Ferienfreizeiten: Erfahrener Blick und pädagogische Verantwortung

Gharieb beginnt aus der Innenperspektive – seine eigene Entwicklung, die Leidenschaft für diese Jugendarbeit und die empathische Beobachtung der Kinder markieren den Ton. Die Widmung an Freunde, Wegbegleiter und Familienmitglieder ist mehr als ein literarischer Kunstgriff: Sie spiegelt die Gemeinschaftserfahrung, wie sie in Ferienlagern entstehen kann und soll.

Dank, Lob und Segenswünsche rahmen das Ziel: Nicht nur die Organisation, sondern die Herzensbildung der Teilnehmenden steht im Zentrum. Der Autor verheimlicht nie, wie sehr das Gelingen von Zeltlagern vom Engagement vieler Einzelner abhängt, von Großzügigkeit, Geduld und der Bereitschaft, Zeit und Kraft für junge Menschen zu spenden

Konkrete Anleitung für Lagerleitung und Teamer

Die Struktur des Buches ist didaktisch durchdacht. Vom Überblick über Lagerformen, Zielsetzung und Teilnehmerbedürfnisse bis zur feingliedrigen Rolle der Verantwortlichen und Helfer – Gharieb verzahnt Theorie mit Praxis und bleibt stets pragmatisch. Seine Hinweise zur Teamarbeit, Hierarchie, Kommunikationsregeln und der bewussten Vermittlung islamischer Werte sind klar und nachvollziehbar formuliert. 

Insbesondere betont er, dass Autorität stets mit Wertschätzung und Dialog kombiniert werden muss – und dass religiöse Praxis im Alltag und nicht nur im Stundenplan lebt.

Pädagogik zwischen Alltag und Ritual

Wie das Manuskript darlegt, ist pädagogische Professionalität kein Selbstzweck, sondern soll den Kindern und Jugendlichen nicht nur Wissen, sondern islamische Charaktereigenschaften und Lebenskompetenz vermitteln. Der Umgang mit problematischem Verhalten, die Bedeutung von Strukturen und die Ermutigung zur Selbstverantwortung werden aus der Praxis heraus erklärt. 
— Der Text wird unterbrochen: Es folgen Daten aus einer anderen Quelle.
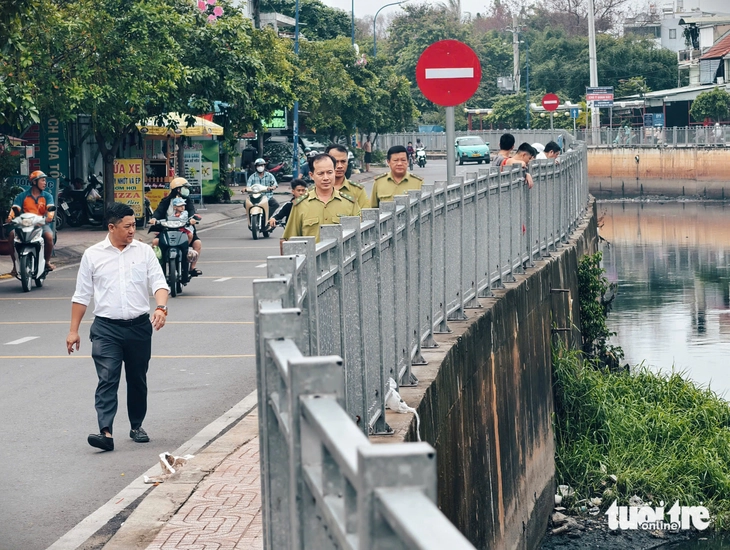 Sáng 21-7, lực lượng chức năng có mặt tại khu vực kênh Nước Đen để tìm kiếm con cá sấu nhỏ - Ảnh: NGỌC KHẢI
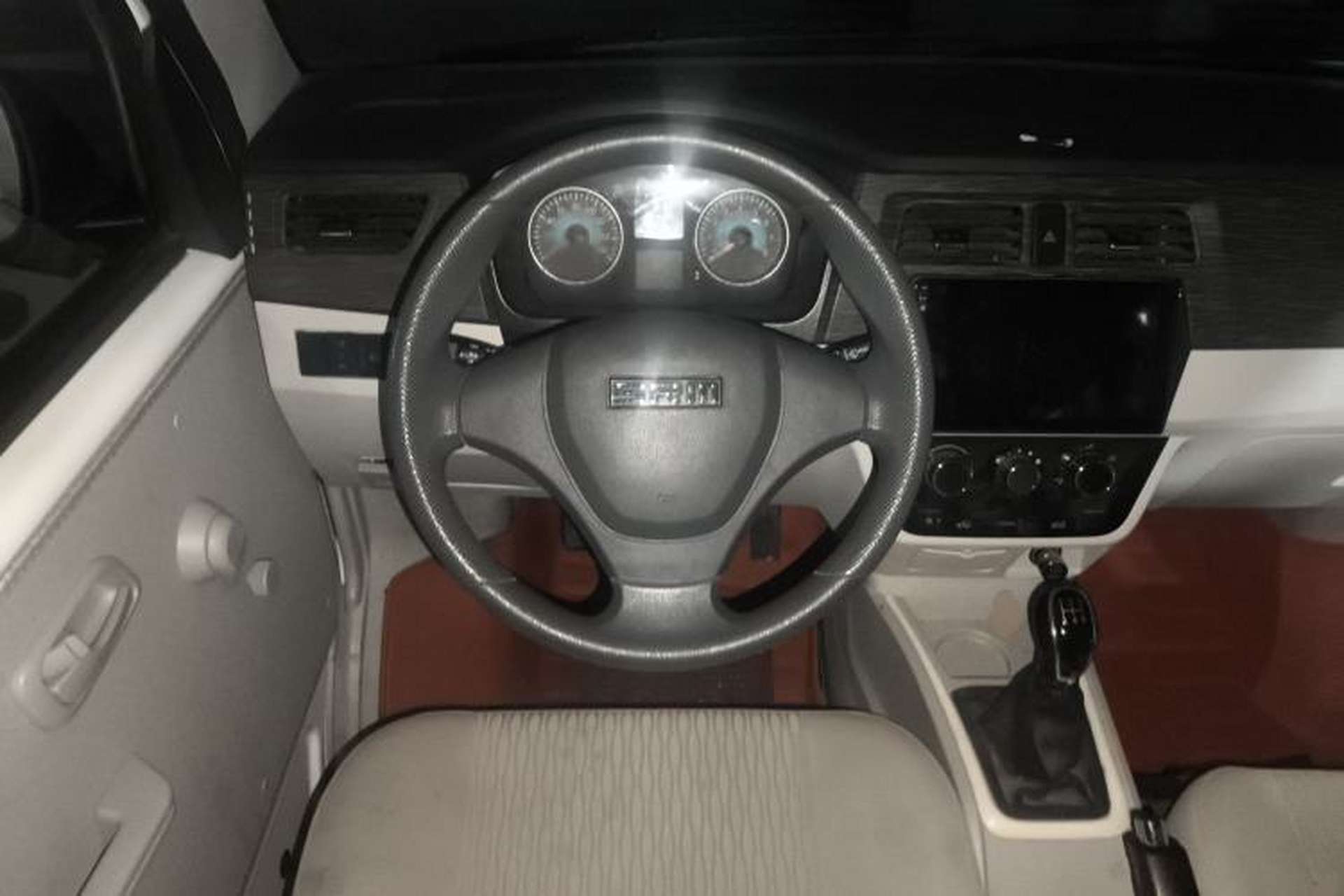 Used Jinbei New Hiace X30L CNG 2023 100L CNG Wealth Edition Bus 6/7 Seats No Air Conditioning SWCC15M Steering Wheel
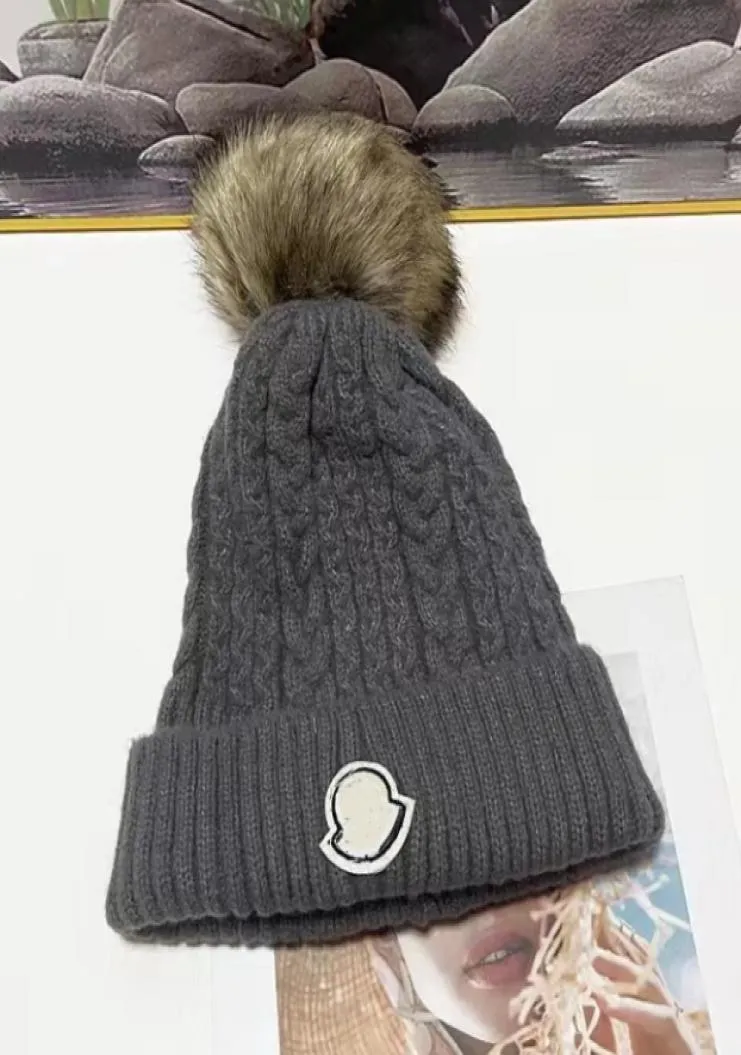 Winter caps Hats Women and men Beanies with Real Raccoon Fur Pompoms Warm Girl Cap snapback pompon beanie4438246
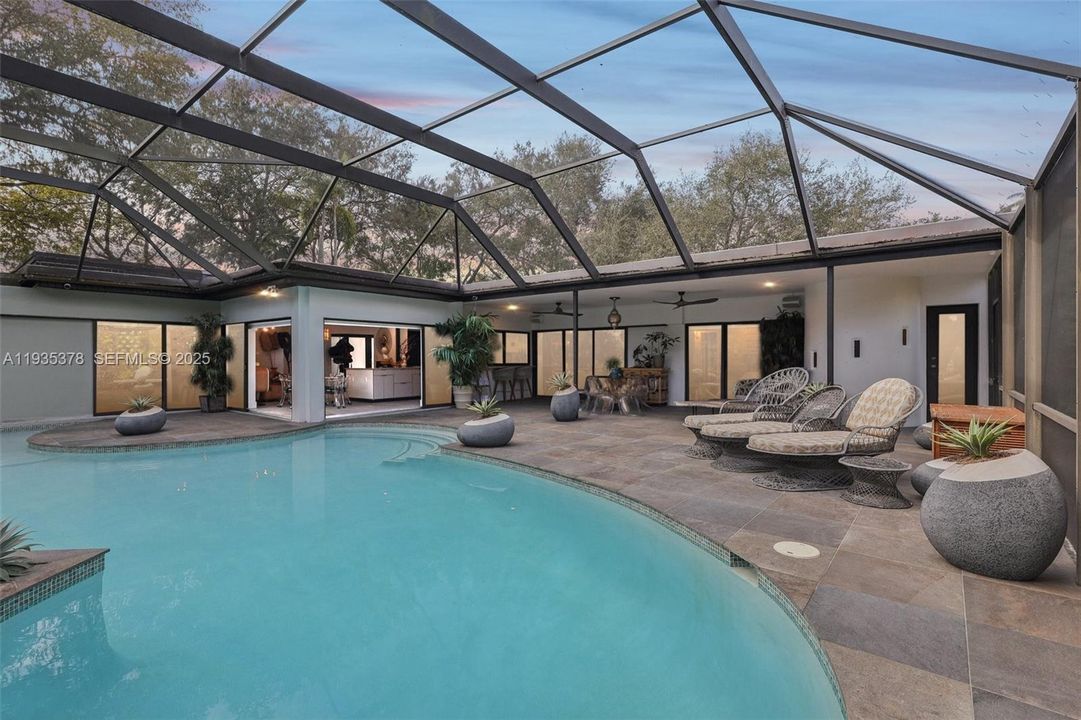 En Venta: $975,000 (3 camas, 2 baños, 2131 Pies cuadrados)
Die Kapitel zur rituellen Praxis, Gebet, Mahlzeiten und Sauberkeit bilden einen gelebten Wertekosmos, in dem sich Alltag und Spiritualität durchdringen. Besonders wertvoll: Gharieb plädiert dafür, Kinder in ihrer Individualität zu sehen und ihnen Erfolgserlebnisse im religiösen Lernen zu ermöglichen – ohne Überforderung oder Leistungsdruck.

Inspiration, Methoden und nachhaltige Vision

Wer das Buch in die Hand nimmt, spürt die Absicht des Autors: Er möchte nicht nur Wissen weitergeben, sondern eine Bewegung anstoßen. Die detaillierten Programmvorschläge, Hinweise zur rechtlichen und finanziellen Organisation und die methodisch klugen Anhänge machen das Buch zu einer Fundgrube für Praktiker. 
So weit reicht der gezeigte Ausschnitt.